III. Backdoor Hearsay

        In his first point, Wilson asserts that the trial court, over proper objection, allowed Detective Stanton to recount to the jury that Wilson’s statement concerning his role as a mere lookout did not match any other statements from any other witnesses.  Wilson contends the objected to testimony amounted to harmful, erroneous “backdoor” hearsay as to those other statements.

        During the guilt/innocence stage of the trial, Detective Stanton testified concerning a statement given by Wilson, part of which indicated that he was only a lookout during the robbery.  Detective Stanton was asked if any of the other witnesses in the case gave him a version of the events along those lines.  Following a hearsay objection, the prosecutor was instructed to rephrase the question.  The prosecutor then asked: “Have you heard this version of [Wilson’s] just being the lookout from anyone other than [Wilson]?”  Following another hearsay objection, the court overruled the objection and Detective Stanton testified that, “[t]hat was the first version I’d heard quite like that.”  Because there were six total employees in the restaurant at the time of the robbery, not all of whom testified at trial, Wilson asserts that this allowed the detective to testify what other individuals told him about the role Wilson played in the robbery, and was therefore hearsay.

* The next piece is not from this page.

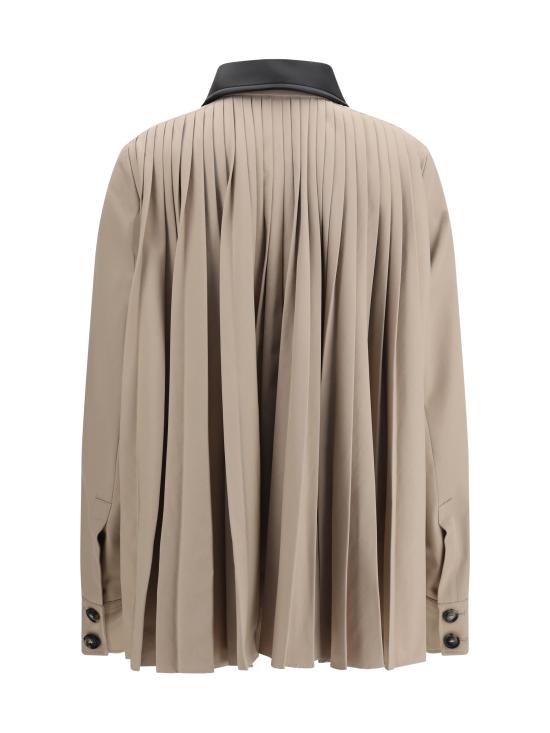 26SS 막스마라 스포츠막스 셔츠 2612021041600 001 BEIGE - SPORTMAX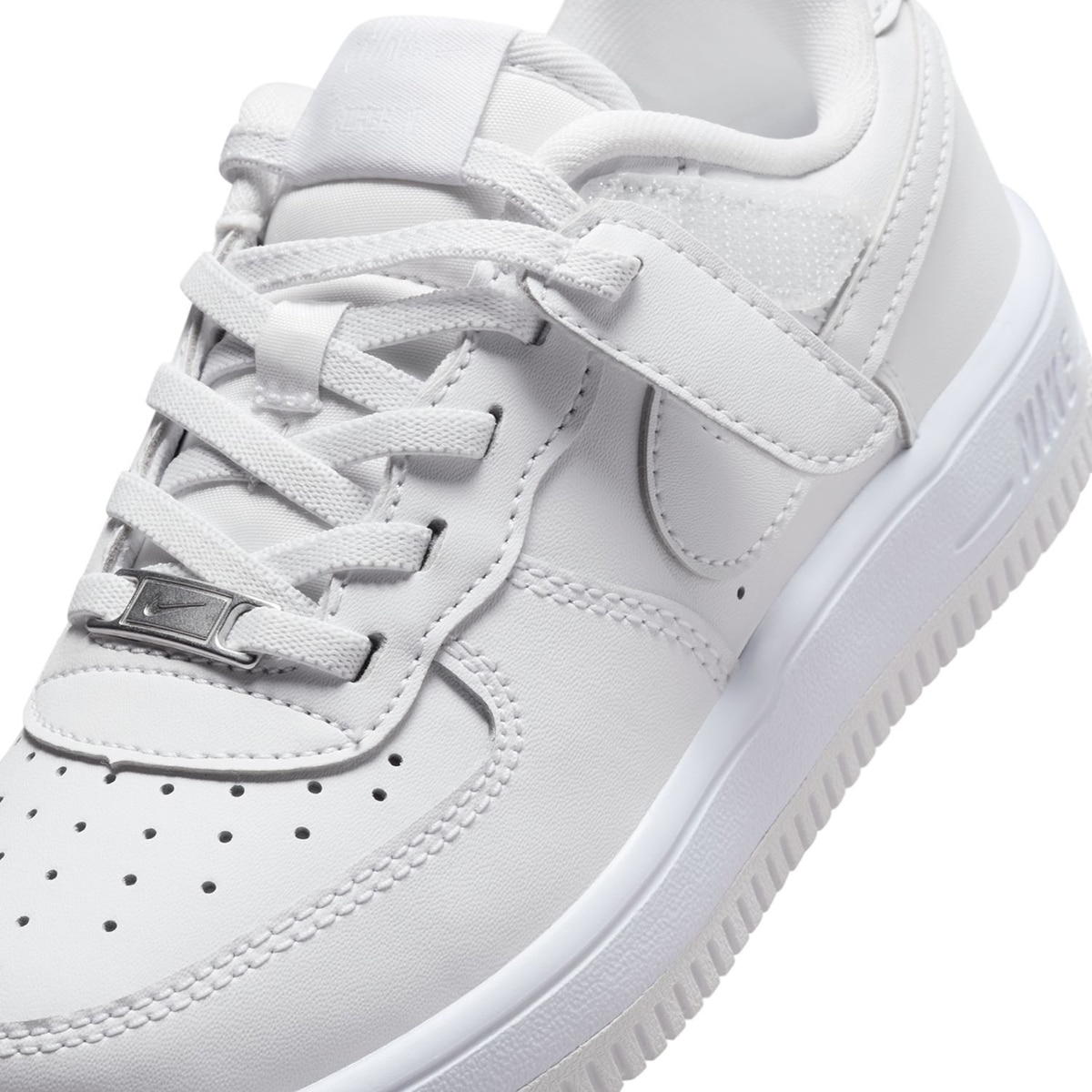 Sapatilhas Casual de Menino Force 1 Low Easyon (PS) Branco-7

        Turning to the Texas Rules of Evidence, hearsay for the purpose of this case is defined as an “oral or written verbal expression,” other than one made by Detective Stanton while testifying, offered into evidence to prove the truth of the assertion that Wilson was not a mere lookout during the robbery. Tex. R. Evid. 801(a), (d).  Such statements are, of course, inadmissible absent an exception to the hearsay rule.  Tex. R. Evid. 802.  Sometimes when hearsay is not allowed entry in the front door of the courtroom, a rear door entry is attempted.  “Backdoor” hearsay is testimony which infers or indirectly details to the jury what someone else said without repeating the words directly.  For example, in Schaffer v. State, Schaffer claimed to have been acting as a police informer for an officer named Jimmy Seals.  777 S.W.2d 111, 113-14 (Tex. Crim. App. 1989).  A narcotics officer had spoken to Jimmy Seals about Schaffer’s testimony and, upon questioning, indicated that he would not ask the State to drop the charges against Schaffer based on his conversation with Seals.  Id.  In response to a hearsay objection, the State argued that no statement made by Seals had been received into evidence and therefore, there was no hearsay problem.  The Court of Criminal Appeals disagreed, concluding that the State was, in essence, attempting to do “indirectly what it could not do directly.”  Id. at 113-14.  The court stated:

[W]here there is an inescapable conclusion that a piece of evidence is being offered to prove statements made outside the courtroom, a party may not circumvent the hearsay prohibition through artful questioning designed to elicit hearsay indirectly.  In short, ‘statement’ as defined in [Rule 801(a)] necessarily includes proof of the statement whether the proof is direct or indirect.

 
 

Id. at 114.  The court then went on to find that the sole intent of the narcotics investigator’s testimony was to convey to the jury what Seals had told him, that is, Schaffer was not an informant, and the investigator’s answer was hearsay although he did not directly quote Seals’ out-of-court statement.  Id.

        Here, the State attempts to argue that the testimony concerning Detective Stanton’s conversations with other witnesses did not lead to an inescapable conclusion about the substance of those statements. That dog won’t hunt.2  The testimony of Detective Stanton is clearly synonymous with testimony that statements of the other witnesses to the robbery were that Wilson was not a mere lookout, but was in fact a participant, as in fact those other witnesses who were called to testify, did so testify.  We hold that the statement was indirect hearsay and was erroneously admitted into evidence.